# Training - NEVER hand off your leash !



## GSDPERRO (Nov 12, 2015)

I have a 16 week old working line puppy whom I decided to take to 1 on 1 training at the place I take my dogs to the vet. They have a full time trainer on staff who supposedly graduated top of their class at Tom Rose. I went in and explained that I was interested in doing Rally and maybe obedience with him and would like for him to help me work on competition heeling . 

My pup is the boldest, most willing little guy... He has great eye contact and flies into a down or sit until releases and just tries so hard to even when he doesn't understand, he will happily start offering behaviors... 

After walking in with my pup I realize I had forgotten my treats in the car. The trainer said "I will hold him for you" and I walk all the way back outside and down to my car and then back in which took maybe 7-8 minutes. When I am near the door I hear yelping, I can see in the window that the trainer is walking my puppy and is not just letting him hit the end of the line but giving him very sharp corrections, shart enough to flip the puppy off his feet. I open the door and immediately go over and take the leash, I am so angry I know I best not speak. Look down and realize that this SOB has put a prong collar on my puppy. He has been flipping my puppy around on the prong collar. A puppy that had no idea how to heal. The trainer says "what's up where are you going?" I take off the prong and for just a split second am tempted to throw it at him but somehow manage to keep my cool and lay it down without saying a word. I got home and the pup is just fine but I am not. I just want to explode, I am just so angry at myself. I know better than to hand off my dog and it is not a mistake I will ever make again.


----------



## Jax08 (Feb 13, 2009)

I would have killed someone. You need to make a complaint to the vet. The top trainers in the country do NOT train like that.


----------



## bassun (Dec 3, 2018)

Jax08 said:


> I would have killed someone. You need to make a complaint to the vet. The top trainers in the country do NOT train like that.
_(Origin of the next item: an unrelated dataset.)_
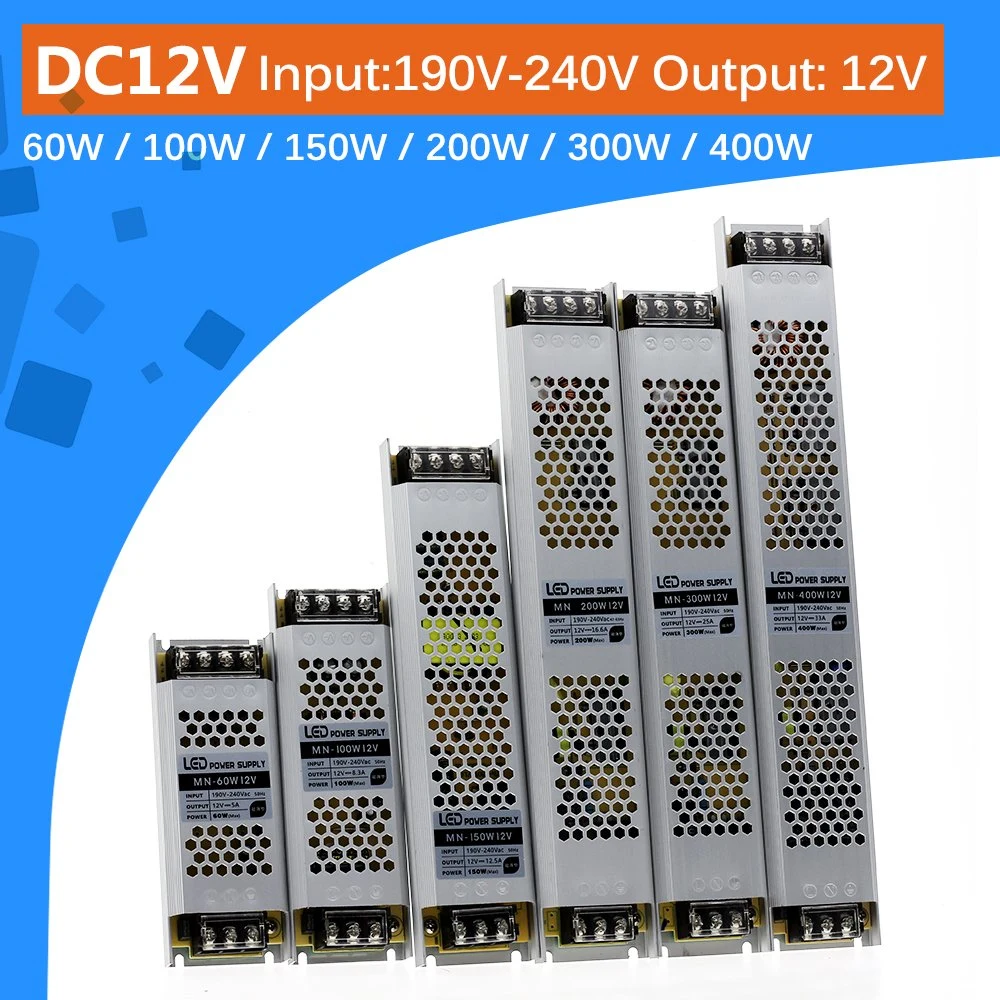 DC 12V 24V Switching Power Supply AC190-240V Mute Lighting Transformers 60W 100W 200W 300W 400W LED Light Driver Power Adapter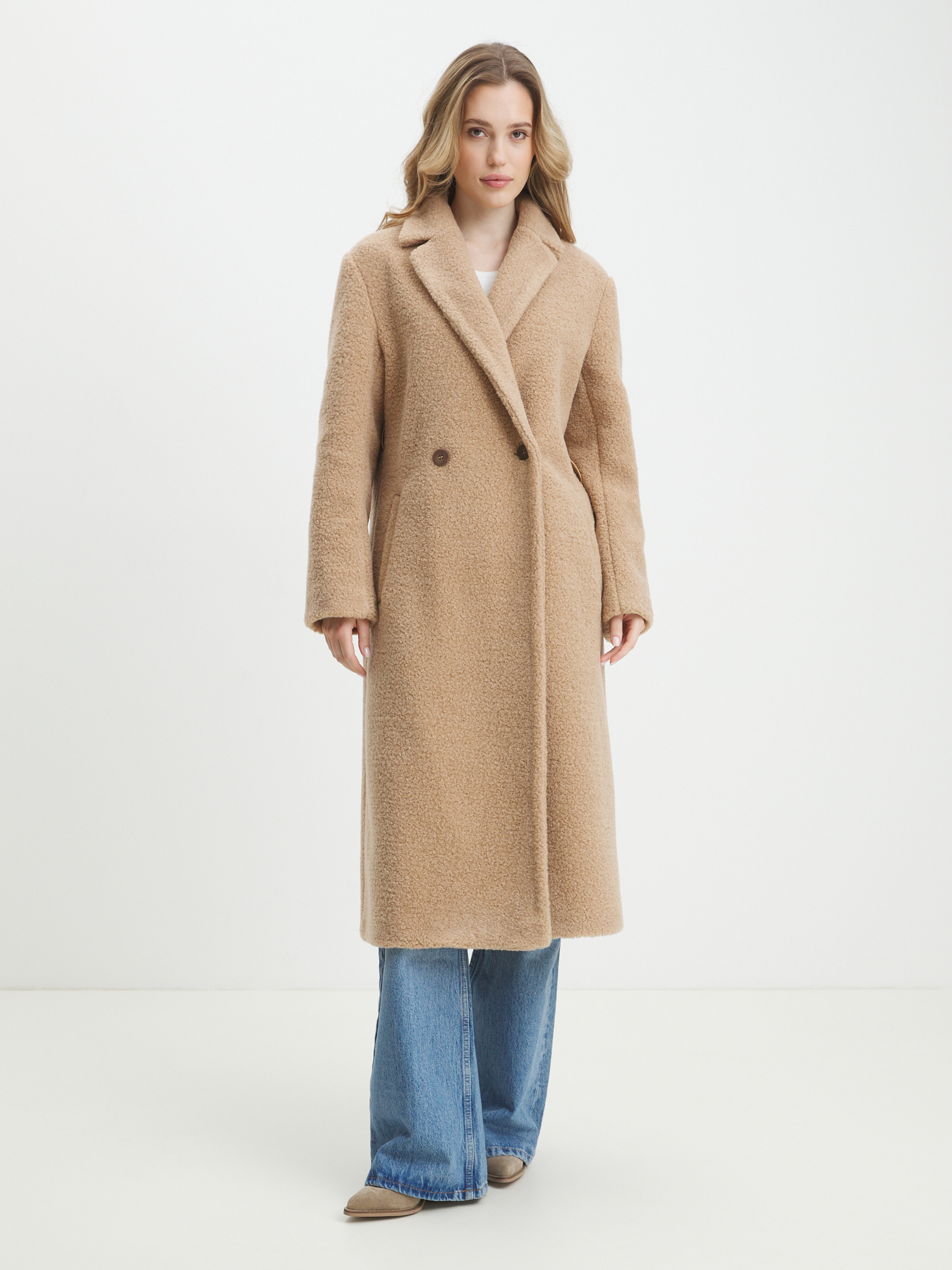 Женское пальто тедди MAISON DAVID NASTIA_TEDDY 05 4524377, бежевый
I don't think I could have handled myself as gracefully. Good on you! I 100% agree with Jax -- I would absolutely make a complaint and with vigor. I would have been LIVID to say the least. That's family he's abusing. I get prongs, and I get corrections -- but there is a time, a place and a level of expectation and correction. I would have been quite rude to say the least.


----------



## GSDPERRO (Nov 12, 2015)

Yes, there is a time and a place for a prong but a 16 week old puppy trying to learn is not it. I'm still seething and that prong did come pretty close to becoming a flying object aimed right at his head. I know this guy does a ton of in board training too. I'm trying to figure out the most effective way of making a review that will get noticed by anyone who might want to board and train with him... I can only imagine how he must behave if no one is there to watch him. So sad.


----------



## CometDog (Aug 22, 2017)

A 4 month old puppy? I don't even want to say what I would have done with that prong. Sorry that happened, yes I would complain too.


----------



## dogma13 (Mar 8, 2014)

Unbelievable.I'll help you put that prong where it truly belongs @CometDog


----------



## bassun (Dec 3, 2018)

GSDPERRO said:


> Yes, there is a time and a place for a prong but a 16 week old puppy trying to learn is not it. I'm still seething and that prong did come pretty close to becoming a flying object aimed right at his head. I know this guy does a ton of in board training too. I'm trying to figure out the most effective way of making a review that will get noticed by anyone who might want to board and train with him... I can only imagine how he must behave if no one is there to watch him. So sad.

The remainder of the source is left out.